Door de introverte opzet vroeg Short Circuit wel erg veel geduld van de toeschouwers. Kijken naar zich traag voltrekkende performances kan onthaastend werken, maar hier voelde je je vooral een vreemde die als gast werd gedoogd bij optredens die meer voor de kunstenaars zelf dan voor de toeschouwers bedoeld leken. De gidsende gastvrouwen smeekten om half twee ’s nachts dan ook de technicus om de stekker te trekken uit het massieve optreden van soundengineers François J. Bonnet (1981) en Stephen F. O’Malley (1974); als het aan dit muurvaste gitaarduo had gelegen trokken ze de nacht door in hun geduldige mancave van ondoordringbare, zwaarmoedige noise. In hun gesloten opstelling keken ze vooral naar elkaar in plaats van naar het publiek.

Ook danseres Katia Petrowick (1986)  – lid van Viennes vaste ensemble – ging helemaal in zichzelf op tijdens haar vertraagde openingssolo op een vuile vloer vol feestresten. Met verdwaasde, timide blik trok ze in slow motion een bewegingsspoor tussen lege blikjes, tassen, chips en confettislingers. Toen een regenjas uitging en een chipszak knalde leek ze even versneld de party in herinnering te roepen die zich in deze jaren zeventig aula moest hebben afgespeeld. Maar al snel verzonk ze in haar zelfverkozen isolement, die werd versterkt door de echo van het voorbije feestgewoel. Ondanks Petrowicks extreem fysieke beheersing trok vooral de precies nagebootste rotzooi de aandacht.

In de binnentuin bracht installatiekunstenaar Yuko Mohri (1980), werkzaam in Tokio, een geprepareerde piano op afstand aan het klinken met geluiden van tollende schaaltjes, koektrommels, belletjes en buisjes.
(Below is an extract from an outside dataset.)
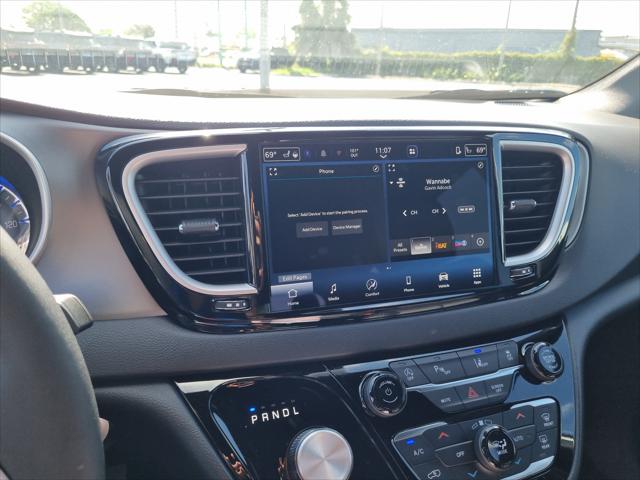 2027 Chrysler Pacifica LX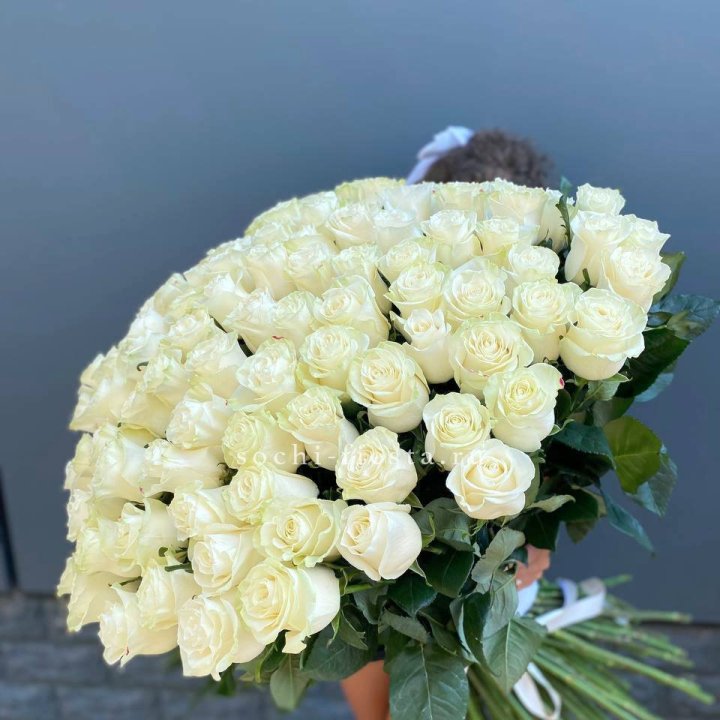 101 белая высокая роза в Брянске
Ook hierin zocht ze traag en verstild naar herkenbaar alledaags materiaal binnen haar uitgestalde verzameling om via lucht- en geluidstrillingen de toetsen in werking te zetten, maar het resultaat was verre van opwindend.

En dan was er nog de in Parijs werkende, Japanse singer-songwriter Tujiko Noriko (1976). Zingend achter haar laptop mixte ze haar meisjesachtige stem met sampels naar een hoog register. Maar ook hier werkte de eenvormigheid van haar statische presentatie de muziekbeleving tegen. Terwijl Noriko als muzikant en filmmaker toch een spannend track record heeft, onder andere voor animaties en dansvoorstellingen. Maar dat moest je op je smartphone opzoeken (terwijl je juist niet op een schermpje wil zitten…); niemand van het Holland Festival of de associates artists gaf een enthousiasmerende introductie.

Het enige drankje dat tijdens die 200 minuten genuttigd mocht worden, viel samen met het beste onderdeel: de handgemaakte zandfilm van zentuin-kunstenaar Yuki Kawae. Met een harkje trokken zijn handen geometrische patronen in een tafeltuin van zandkorrels. Maar die kalmerende film staat ook helemaal op YouTube, inclusief tips om zelf thuis aan de slag te gaan. Zennnnnnn…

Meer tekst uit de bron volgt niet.